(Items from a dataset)

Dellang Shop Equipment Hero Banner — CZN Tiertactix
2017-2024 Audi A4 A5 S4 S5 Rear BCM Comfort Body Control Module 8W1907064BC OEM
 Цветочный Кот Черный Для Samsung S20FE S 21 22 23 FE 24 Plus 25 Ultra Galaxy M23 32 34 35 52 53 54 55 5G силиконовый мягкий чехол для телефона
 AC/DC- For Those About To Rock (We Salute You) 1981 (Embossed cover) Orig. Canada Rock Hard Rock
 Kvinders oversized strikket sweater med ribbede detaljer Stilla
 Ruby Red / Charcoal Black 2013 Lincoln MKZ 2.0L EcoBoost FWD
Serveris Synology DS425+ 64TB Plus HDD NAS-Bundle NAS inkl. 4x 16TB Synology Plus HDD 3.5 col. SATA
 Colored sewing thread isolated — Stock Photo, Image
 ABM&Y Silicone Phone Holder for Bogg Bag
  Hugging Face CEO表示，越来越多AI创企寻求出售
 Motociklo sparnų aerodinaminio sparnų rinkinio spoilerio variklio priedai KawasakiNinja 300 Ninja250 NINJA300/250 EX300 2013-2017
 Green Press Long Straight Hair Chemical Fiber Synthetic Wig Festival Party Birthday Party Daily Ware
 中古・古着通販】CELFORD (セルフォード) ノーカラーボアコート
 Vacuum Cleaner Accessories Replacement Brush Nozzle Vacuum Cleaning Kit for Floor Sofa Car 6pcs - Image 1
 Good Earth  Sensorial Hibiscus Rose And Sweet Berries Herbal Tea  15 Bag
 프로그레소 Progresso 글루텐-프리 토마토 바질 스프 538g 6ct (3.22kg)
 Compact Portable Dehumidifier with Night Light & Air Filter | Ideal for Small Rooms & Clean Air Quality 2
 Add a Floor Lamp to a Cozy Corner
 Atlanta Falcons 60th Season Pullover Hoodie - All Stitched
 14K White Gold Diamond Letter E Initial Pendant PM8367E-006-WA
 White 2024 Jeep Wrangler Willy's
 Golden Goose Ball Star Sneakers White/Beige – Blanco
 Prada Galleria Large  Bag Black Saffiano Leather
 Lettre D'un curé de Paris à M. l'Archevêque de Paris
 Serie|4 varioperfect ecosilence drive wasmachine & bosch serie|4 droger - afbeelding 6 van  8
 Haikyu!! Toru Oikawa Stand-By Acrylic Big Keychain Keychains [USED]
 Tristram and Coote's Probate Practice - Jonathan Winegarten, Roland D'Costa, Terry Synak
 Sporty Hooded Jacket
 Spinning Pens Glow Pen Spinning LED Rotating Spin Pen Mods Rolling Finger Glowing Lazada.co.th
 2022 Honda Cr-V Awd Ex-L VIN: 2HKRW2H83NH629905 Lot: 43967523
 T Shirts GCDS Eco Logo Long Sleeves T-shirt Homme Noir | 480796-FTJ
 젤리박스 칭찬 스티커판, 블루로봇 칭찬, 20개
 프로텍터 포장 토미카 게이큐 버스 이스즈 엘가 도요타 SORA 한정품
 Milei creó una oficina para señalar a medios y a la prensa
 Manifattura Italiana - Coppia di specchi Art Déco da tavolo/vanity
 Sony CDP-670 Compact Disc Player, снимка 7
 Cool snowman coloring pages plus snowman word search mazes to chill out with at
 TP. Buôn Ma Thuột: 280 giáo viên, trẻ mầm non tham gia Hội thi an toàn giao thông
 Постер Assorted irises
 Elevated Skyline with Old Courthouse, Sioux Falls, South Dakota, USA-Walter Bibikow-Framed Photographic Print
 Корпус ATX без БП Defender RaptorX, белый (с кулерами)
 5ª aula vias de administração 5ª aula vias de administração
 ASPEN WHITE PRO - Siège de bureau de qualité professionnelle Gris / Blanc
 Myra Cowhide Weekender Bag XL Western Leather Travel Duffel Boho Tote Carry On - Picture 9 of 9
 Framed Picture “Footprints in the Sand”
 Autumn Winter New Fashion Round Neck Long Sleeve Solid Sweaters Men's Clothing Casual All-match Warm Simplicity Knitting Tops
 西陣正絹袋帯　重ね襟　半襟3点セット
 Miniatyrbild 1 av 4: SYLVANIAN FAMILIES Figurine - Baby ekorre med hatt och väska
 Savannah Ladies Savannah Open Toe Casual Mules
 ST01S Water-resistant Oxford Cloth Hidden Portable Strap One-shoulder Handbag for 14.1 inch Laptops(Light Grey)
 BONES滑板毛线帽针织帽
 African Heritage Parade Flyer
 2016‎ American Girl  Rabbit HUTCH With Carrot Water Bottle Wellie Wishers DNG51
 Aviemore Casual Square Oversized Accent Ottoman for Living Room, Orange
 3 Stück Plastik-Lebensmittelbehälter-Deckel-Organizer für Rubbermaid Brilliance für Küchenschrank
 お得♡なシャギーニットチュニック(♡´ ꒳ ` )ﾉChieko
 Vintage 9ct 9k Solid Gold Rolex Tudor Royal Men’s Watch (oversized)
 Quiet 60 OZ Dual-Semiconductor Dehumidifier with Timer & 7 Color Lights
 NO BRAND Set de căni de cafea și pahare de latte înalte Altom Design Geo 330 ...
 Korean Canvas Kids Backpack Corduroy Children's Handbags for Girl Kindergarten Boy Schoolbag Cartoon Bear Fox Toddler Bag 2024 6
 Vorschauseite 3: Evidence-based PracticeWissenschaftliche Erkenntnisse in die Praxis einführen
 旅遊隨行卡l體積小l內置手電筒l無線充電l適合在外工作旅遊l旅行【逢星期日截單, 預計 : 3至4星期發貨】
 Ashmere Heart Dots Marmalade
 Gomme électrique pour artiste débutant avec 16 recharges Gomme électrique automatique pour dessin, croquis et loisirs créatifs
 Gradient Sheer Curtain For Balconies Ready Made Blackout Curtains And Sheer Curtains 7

### [Task brief]
Having read the entries, repeat them all exactly.

### [Your response]
Dellang Shop Equipment Hero Banner — CZN Tiertactix
2017-2024 Audi A4 A5 S4 S5 Rear BCM Comfort Body Control Module 8W1907064BC OEM
 Цветочный Кот Черный Для Samsung S20FE S 21 22 23 FE 24 Plus 25 Ultra Galaxy M23 32 34 35 52 53 54 55 5G силиконовый мягкий чехол для телефона
 AC/DC- For Those About To Rock (We Salute You) 1981 (Embossed cover) Orig. Canada Rock Hard Rock
 Kvinders oversized strikket sweater med ribbede detaljer Stilla
 Ruby Red / Charcoal Black 2013 Lincoln MKZ 2.0L EcoBoost FWD
Serveris Synology DS425+ 64TB Plus HDD NAS-Bundle NAS inkl. 4x 16TB Synology Plus HDD 3.5 col. SATA
 Colored sewing thread isolated — Stock Photo, Image
 ABM&Y Silicone Phone Holder for Bogg Bag
  Hugging Face CEO表示，越来越多AI创企寻求出售
 Motociklo sparnų aerodinaminio sparnų rinkinio spoilerio variklio priedai KawasakiNinja 300 Ninja250 NINJA300/250 EX300 2013-2017
 Green Press Long Straight Hair Chemical Fiber Synthetic Wig Festival Party Birthday Party Daily Ware
 中古・古着通販】CELFORD (セルフォード) ノーカラーボアコート
 Vacuum Cleaner Accessories Replacement Brush Nozzle Vacuum Cleaning Kit for Floor Sofa Car 6pcs - Image 1
 Good Earth  Sensorial Hibiscus Rose And Sweet Berries Herbal Tea  15 Bag
 프로그레소 Progresso 글루텐-프리 토마토 바질 스프 538g 6ct (3.22kg)
 Compact Portable Dehumidifier with Night Light & Air Filter | Ideal for Small Rooms & Clean Air Quality 2
 Add a Floor Lamp to a Cozy Corner
 Atlanta Falcons 60th Season Pullover Hoodie - All Stitched
 14K White Gold Diamond Letter E Initial Pendant PM8367E-006-WA
 White 2024 Jeep Wrangler Willy's
 Golden Goose Ball Star Sneakers White/Beige – Blanco
 Prada Galleria Large  Bag Black Saffiano Leather
 Lettre D'un curé de Paris à M. l'Archevêque de Paris
 Serie|4 varioperfect ecosilence drive wasmachine & bosch serie|4 droger - afbeelding 6 van  8
 Haikyu!! Toru Oikawa Stand-By Acrylic Big Keychain Keychains [USED]
 Tristram and Coote's Probate Practice - Jonathan Winegarten, Roland D'Costa, Terry Synak
 Sporty Hooded Jacket
 Spinning Pens Glow Pen Spinning LED Rotating Spin Pen Mods Rolling Finger Glowing Lazada.co.th
 2022 Honda Cr-V Awd Ex-L VIN: 2HKRW2H83NH629905 Lot: 43967523
 T Shirts GCDS Eco Logo Long Sleeves T-shirt Homme Noir | 480796-FTJ
 젤리박스 칭찬 스티커판, 블루로봇 칭찬, 20개
 프로텍터 포장 토미카 게이큐 버스 이스즈 엘가 도요타 SORA 한정품
 Milei creó una oficina para señalar a medios y a la prensa
 Manifattura Italiana - Coppia di specchi Art Déco da tavolo/vanity
 Sony CDP-670 Compact Disc Player, снимка 7
 Cool snowman coloring pages plus snowman word search mazes to chill out with at
 TP. Buôn Ma Thuột: 280 giáo viên, trẻ mầm non tham gia Hội thi an toàn giao thông
 Постер Assorted irises
 Elevated Skyline with Old Courthouse, Sioux Falls, South Dakota, USA-Walter Bibikow-Framed Photographic Print
 Корпус ATX без БП Defender RaptorX, белый (с кулерами)
 5ª aula vias de administração 5ª aula vias de administração
 ASPEN WHITE PRO - Siège de bureau de qualité professionnelle Gris / Blanc
 Myra Cowhide Weekender Bag XL Western Leather Travel Duffel Boho Tote Carry On - Picture 9 of 9
 Framed Picture “Footprints in the Sand”
 Autumn Winter New Fashion Round Neck Long Sleeve Solid Sweaters Men's Clothing Casual All-match Warm Simplicity Knitting Tops
 西陣正絹袋帯　重ね襟　半襟3点セット
 Miniatyrbild 1 av 4: SYLVANIAN FAMILIES Figurine - Baby ekorre med hatt och väska
 Savannah Ladies Savannah Open Toe Casual Mules
 ST01S Water-resistant Oxford Cloth Hidden Portable Strap One-shoulder Handbag for 14.1 inch Laptops(Light Grey)
 BONES滑板毛线帽针织帽
 African Heritage Parade Flyer
 2016‎ American Girl  Rabbit HUTCH With Carrot Water Bottle Wellie Wishers DNG51
 Aviemore Casual Square Oversized Accent Ottoman for Living Room, Orange
 3 Stück Plastik-Lebensmittelbehälter-Deckel-Organizer für Rubbermaid Brilliance für Küchenschrank
 お得♡なシャギーニットチュニック(♡´ ꒳ ` )ﾉChieko
 Vintage 9ct 9k Solid Gold Rolex Tudor Royal Men’s Watch (oversized)
 Quiet 60 OZ Dual-Semiconductor Dehumidifier with Timer & 7 Color Lights
 NO BRAND Set de căni de cafea și pahare de latte înalte Altom Design Geo 330 ...
 Korean Canvas Kids Backpack Corduroy Children's Handbags for Girl Kindergarten Boy Schoolbag Cartoon Bear Fox Toddler Bag 2024 6
 Vorschauseite 3: Evidence-based PracticeWissenschaftliche Erkenntnisse in die Praxis einführen
 旅遊隨行卡l體積小l內置手電筒l無線充電l適合在外工作旅遊l旅行【逢星期日截單, 預計 : 3至4星期發貨】
 Ashmere Heart Dots Marmalade
 Gomme électrique pour artiste débutant avec 16 recharges Gomme électrique automatique pour dessin, croquis et loisirs créatifs
 Gradient Sheer Curtain For Balconies Ready Made Blackout Curtains And Sheer Curtains 7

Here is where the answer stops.